Wat onze samenwerking kenmerkt is dat ik enerzijds met veel respect met de tekst van Lisanne omga, maar anderzijds ook veel vrijheid neem. Ik kan bijvoorbeeld zeggen ‘laten we deze scène drie keer zo snel spelen’, waardoor de letterlijke betekenis van de woorden naar de achtergrond verdwijnt. Of soms laat ik teksten niet door één, maar door meerdere acteurs tegelijk uitspreken. De buitenwereld is voor Monica een soort meerkoppig monster geworden, dus wanneer ze in gesprek is met haar manager heeft ze bijvoorbeeld ineens vijf managers tegenover zich, die in koor tegen haar praten. Om de toeschouwer de overweldigende situatie vanuit haar perspectief te laten beleven.”
Van Aert: “Ik vind het heel mooi om te zien wat Mart met de tekst doet. Ik realiseer me dat de scènes die ik heb geschreven eigenlijk een reeks opeenvolgende ‘gevoelsbrokken’ zijn.”
Is er live muziek op het podium?
Van Berckel: “Ik werk samen met componist en geluidsontwerper Mauro Casarini en er staat één muzikant op de vloer: Dirge Seçil Kuran. Zij is percussionist en werkt ook veel met elektronica. De muziek in de voorstelling is heel pulse-driven; veel ritme en lekkere, harde beats. Juist omdat ziek zijn iets heel statisch is, levert dat een spannend contrast op. Je zou kunnen zeggen dat de muziek de binnenwereld van de zieke verbeeldt; want ook al ben je lichamelijk tot weinig meer in staat dan op de bank liggen, je geestesleven kan intussen nog steeds heel rijk en expressief zijn.”

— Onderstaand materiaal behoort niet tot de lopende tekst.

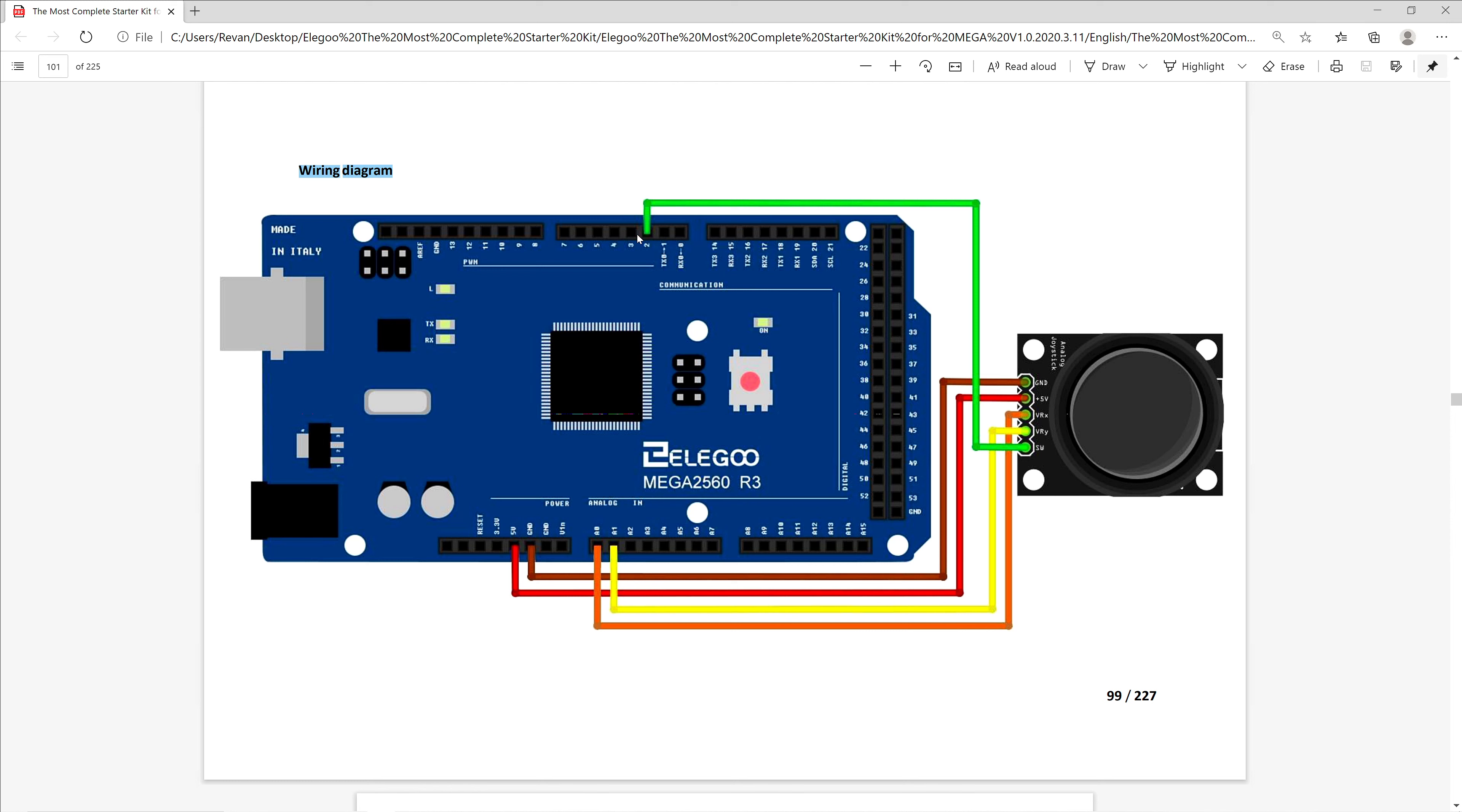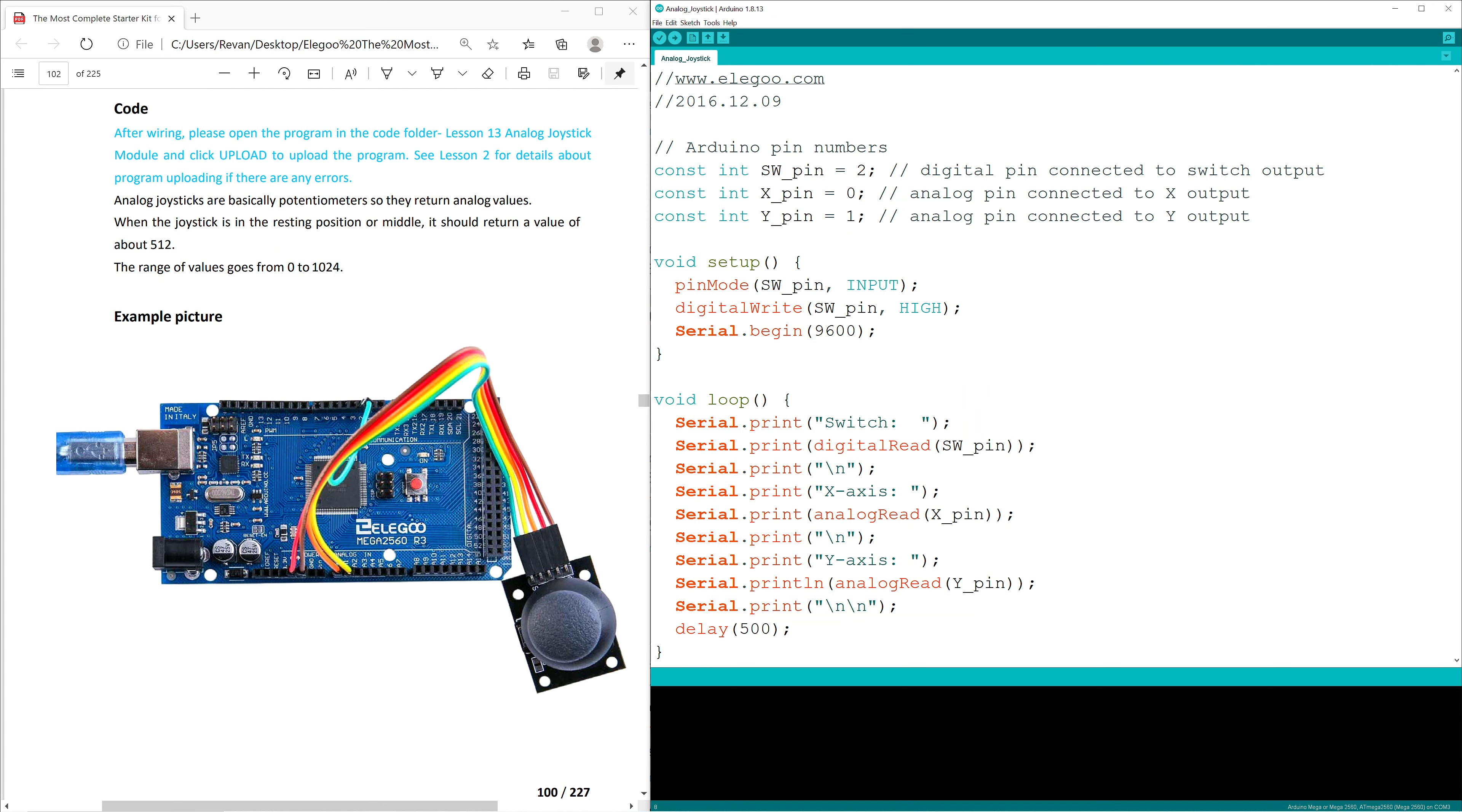And lastly, the D2 PWM is connected to the module's SW pin, which is being used to control when the joystick is clicked or pushed in. The code starts by defining the Arduino's pin numbers, which are right here.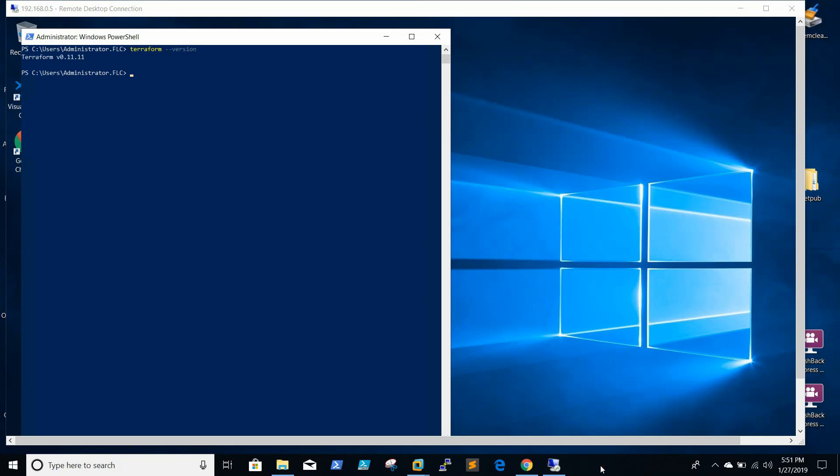How to use Terraform and how to run the scripts to build a virtual machine in vCenter. Yeah, thanks for watching.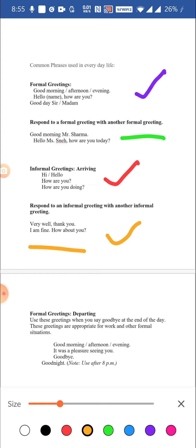Those were greetings when we meet or arrive. Now let's look at some formal phrases when we depart — when we are about to go. People would say goodbye at the end of the day, and again wish you good morning, good afternoon, or good evening depending on the time. You conclude with a sentence like: it was a pleasure seeing you, goodbye, or good night.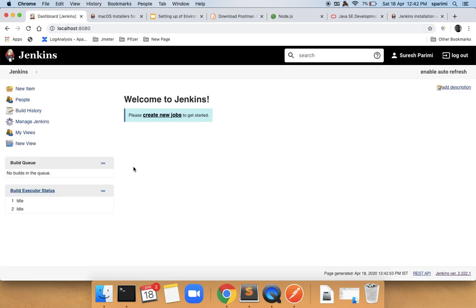This is how Jenkins looks when you install it for the first time on your machine. If you have any questions, please reach out today or tomorrow before the workshop starts and we should be able to get them resolved. If not, bring your questions to the workshop and we can discuss during the breaks and connect via screen sharing. Thank you for watching — I look forward to seeing you tomorrow.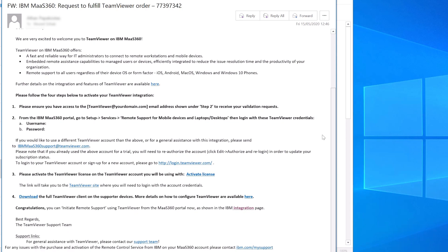Once you have purchased the TeamViewer add-on from your IBM sales rep, you will receive a welcome email with details on how to activate the integration and various other useful information.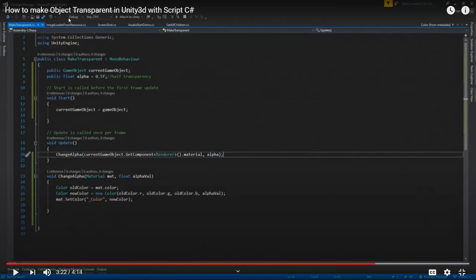This video is about how to make an object transparent in Unity 3D with a C# script, written simply for beginners. Some colleagues commented that the previous version had serious performance issues.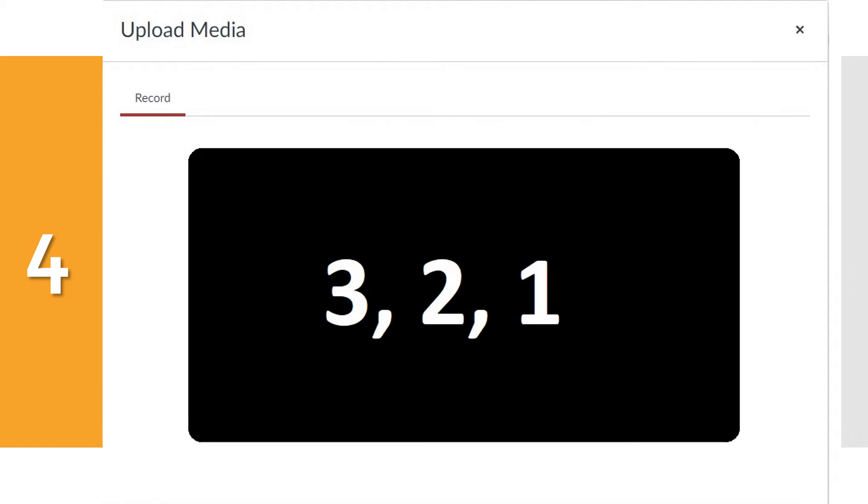Número cuatro. After you press the red Start Recording button, a three, two, one countdown starts, and the recording will start after the number one.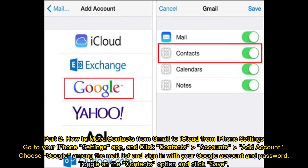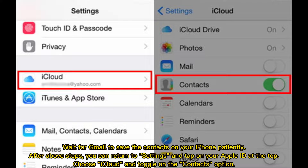Part 2: How to move contacts from Gmail to iCloud from iPhone Settings. Go to your iPhone Settings app and click Contacts, then Accounts, then Add Account. Choose Google from the list and sign in with your Google account and password. Toggle on the Contacts option and click Save. Wait for Gmail to sync the contacts to your iPhone.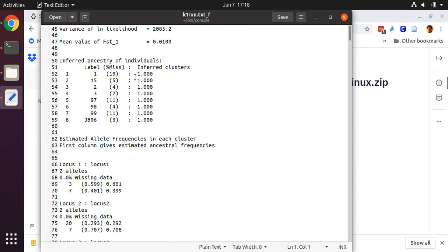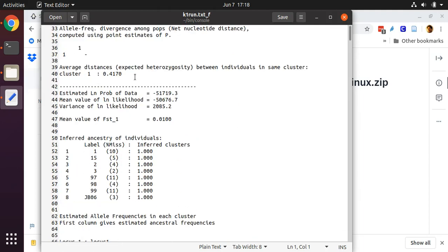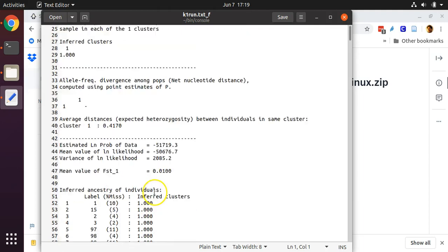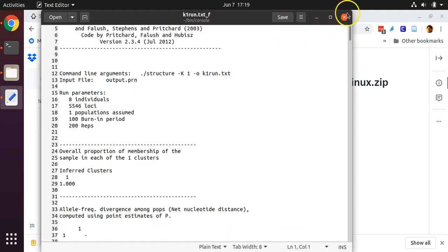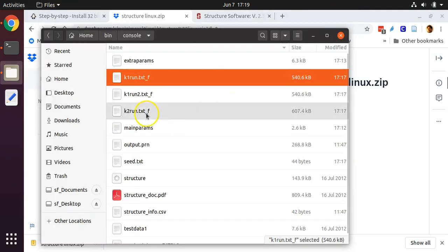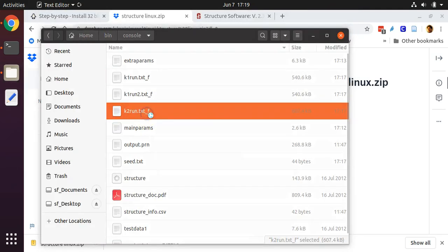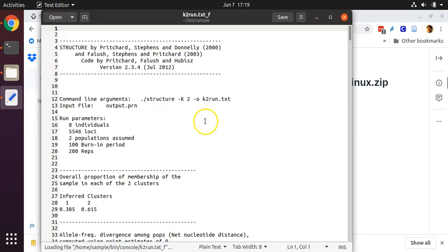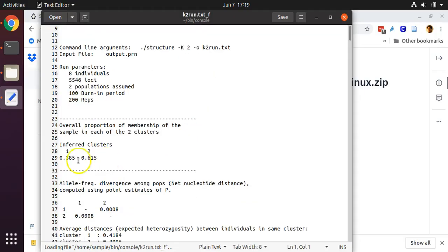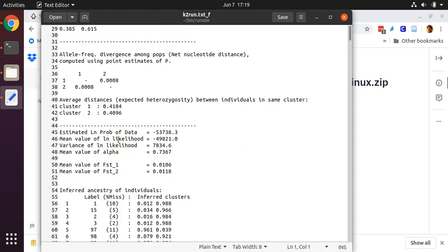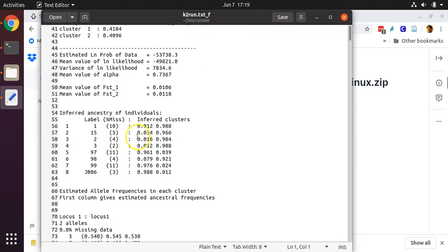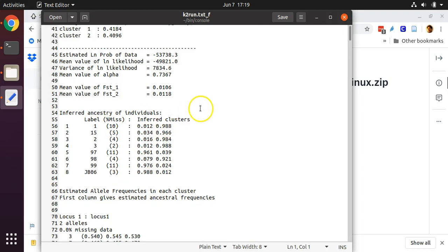But if we look at one of these results files, we'll see that STRUCTURE ran perfectly normally. You can look at another one here for two inferred ancestors, and we can see that it ran perfectly normally, and assigned our individuals among the two inferred ancestors.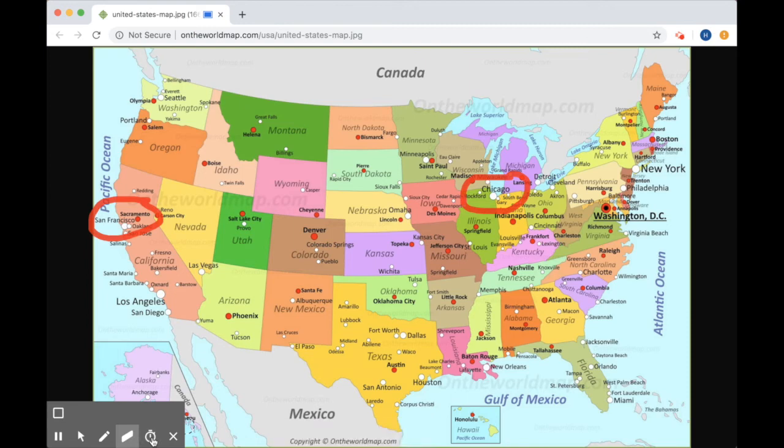So now I can use these tools to annotate any recording. And I got to tell you, that's pretty cool.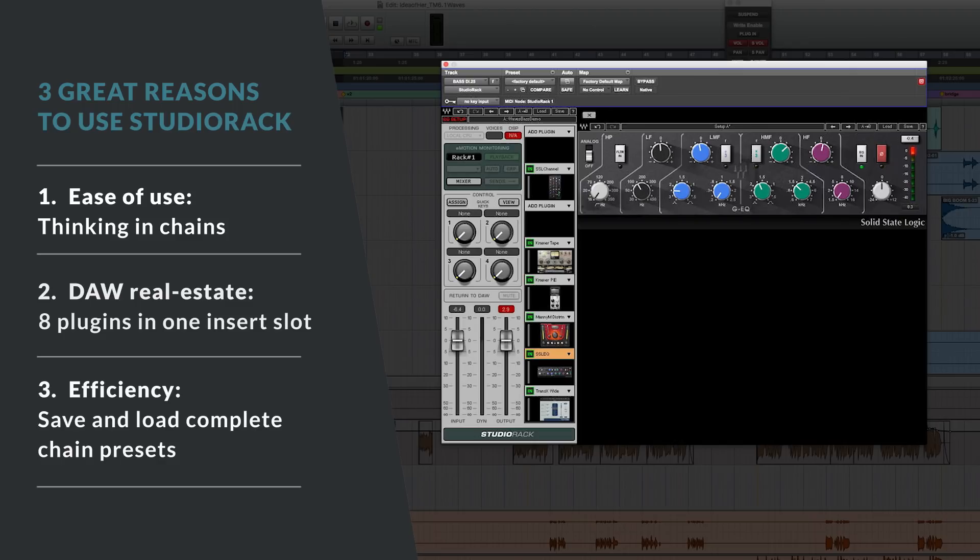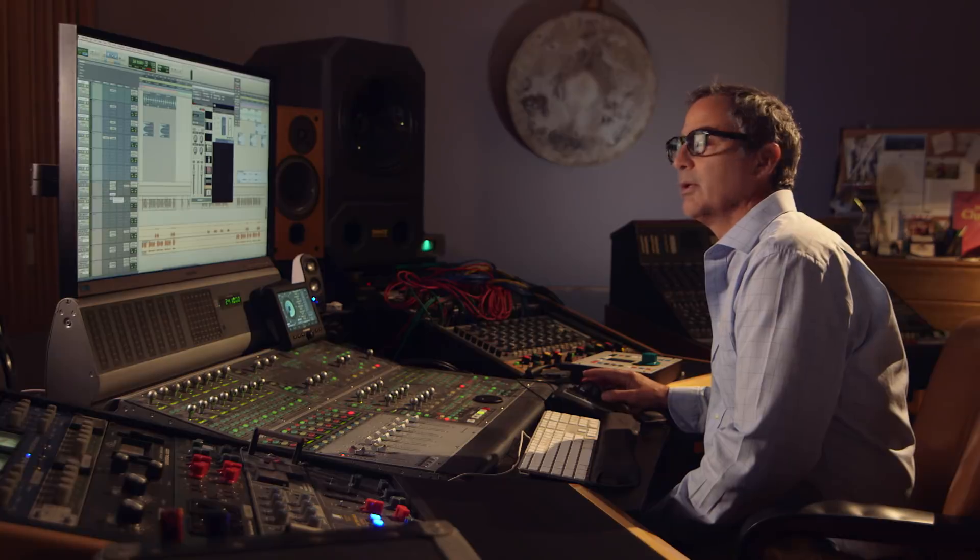I just love the way this Studio Rack is working and I'm going to plan on using it quite a bit more in the future.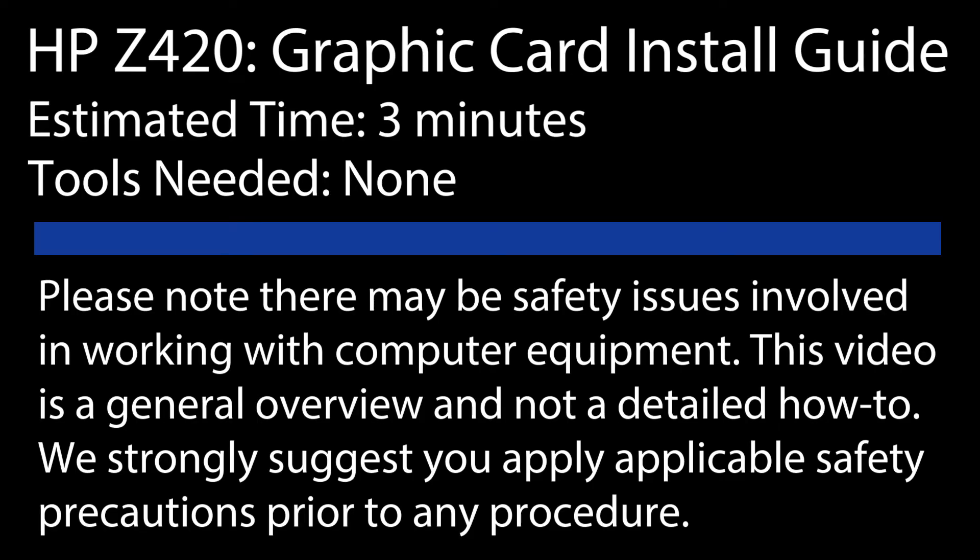Hello everyone and welcome to TechBoost TV. I'm Jaime and in this video I'm going to show you how to install both non-powered and powered graphics cards into the HP Z420 workstation.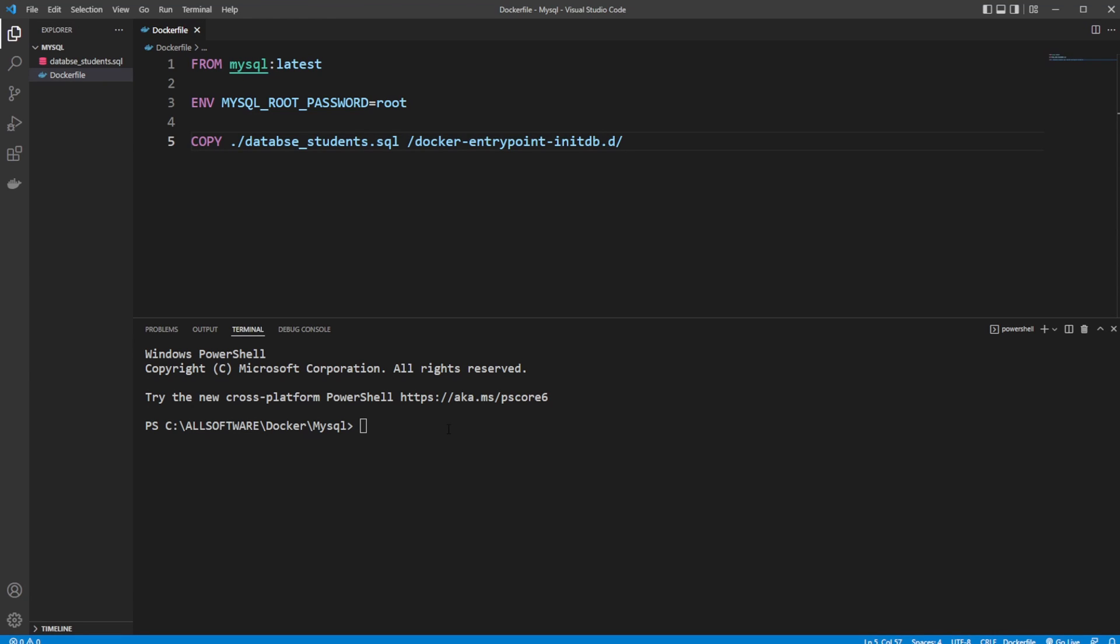Hey, it's RandomCode here and today I'm going to show you how we can create a MySQL database inside a Docker container. I struggled to find good documentation showcasing how we create a Dockerfile.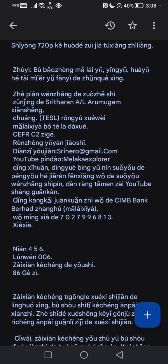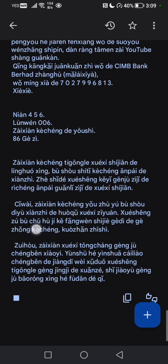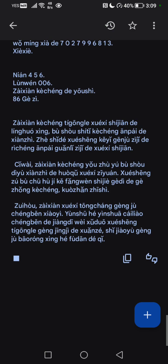使用720P可获得最佳图像质量。注意,不保证马来语、英语、华语和泰米尔语翻译的准确性。这篇文章的作者是尊敬的Shriter A. Mugen先生。荣誉学位,马来西亚伯特拉大学。CEFRC2资格,认证语言教师。电子邮件:3hero地址@Gmail.com,YouTube频道:Malek Explorer。请订阅并分享。请慷慨捐款至我的CIMB Bank账户7027996813。谢谢。年四五六,论文006,在线课程的优势,86个字。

Met welk gevoel hopen jullie dat de toeschouwer de zaal verlaat?
Van Aert: “Het meest aantrekkelijke scenario is dat het publiek zich fragiel voelt na de voorstelling. Dat er een gedeeld besef is dat het iedereen kan overkomen. En dat je voelt dat je een verantwoordelijkheid hebt en gaat nadenken over hoe je op een zachte manier kan omgaan met de kwetsbare mensen om je heen. Er moet een verandering komen, om de wereld toegankelijker te maken voor mensen die ziek zijn. Want ik geloof er heilig in dat dat uiteindelijk beter is voor iedereen.”
Van Berckel: “Het besef is er gewoon nog niet, omdat er nog te weinig verhalen zijn over ziekte. Ik hoop dat onze voorstelling kan bijdragen aan meer bewustzijn. Ik ben trots op de poging die we ondernemen; dat we dit precaire onderwerp aangaan.”